Fan Yifei (范一飞; born August 1964) is a former Chinese banker who served as vice governor of the People's Bank of China from 2015 to 2022. He was investigated by China's top anti-graft agency in November 2022. Fan was the first ministerial-level official in China to be targeted by China's top anticorruption watchdog since the 20th National Congress of the Chinese Communist Party in October 2022.

In June 2023, Fan was expelled from the party for bribery and abuse of power.

== Early life and education ==
In August 1964, Fan was born in Taixing County (now Taixing), Jiangsu, and graduated from the Renmin University of China. From March 2001 to October 2002, he pursued advanced studies in the United States, earning a master's degree in international economics from Columbia University.

== Career ==
Starting in July 1982, he served in several posts in the China Construction Bank, including assistant to general manager of its Trust and Investment Company, deputy director of the Capital Planning Department, general manager of the Finance and Accounting Department, and general manager of the Planning and Finance Department. He moved up the ranks to become assistant president in February 2000 and vice president in June 2005. He joined the Chinese Communist Party (CCP) in June 1991.

He was deputy general manager of the China Investment Corporation in March 2010, in addition to serving as chairman of the Bank of Shanghai since November 2011.

In February 2015, he was appointed vice governor of the People's Bank of China, a position at vice-ministerial level.

== Investigation ==
On 5 November 2022, he was put under investigation for alleged "serious violations of discipline and laws" by the Central Commission for Discipline Inspection (CCDI), the party's internal disciplinary body, and the National Supervisory Commission, the highest anti-corruption agency of China.

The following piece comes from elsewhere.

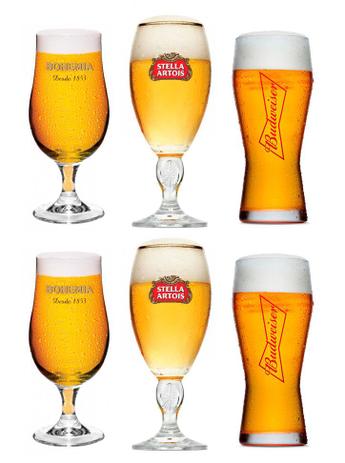 Kit com 2 Taças Stella Artois + 2 Taças Bohemia pilsen + 2 budweiser vermelha - Ambev Menor preço em Kit com 2 Taças Stella Artois + 2 Taças Bohemia pilsen + 2 budweiser vermelha - Ambev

On 9 June 2023, Fan was expelled from the party and removed from his post. The CCDI found that Fan accepted bribes, banquets, trips, golfing, and other activity, illegally accepted property, abused his power for financing loans. Moreover, Fan had lost his ideals, resisted investigators, traded power for money, and abused his power in the appointment of officials. His illegal gains were confiscated.

On 10 October 2024 he was sentenced to death (with a two-year reprimand) for taking bribes worth over 386 million yuan.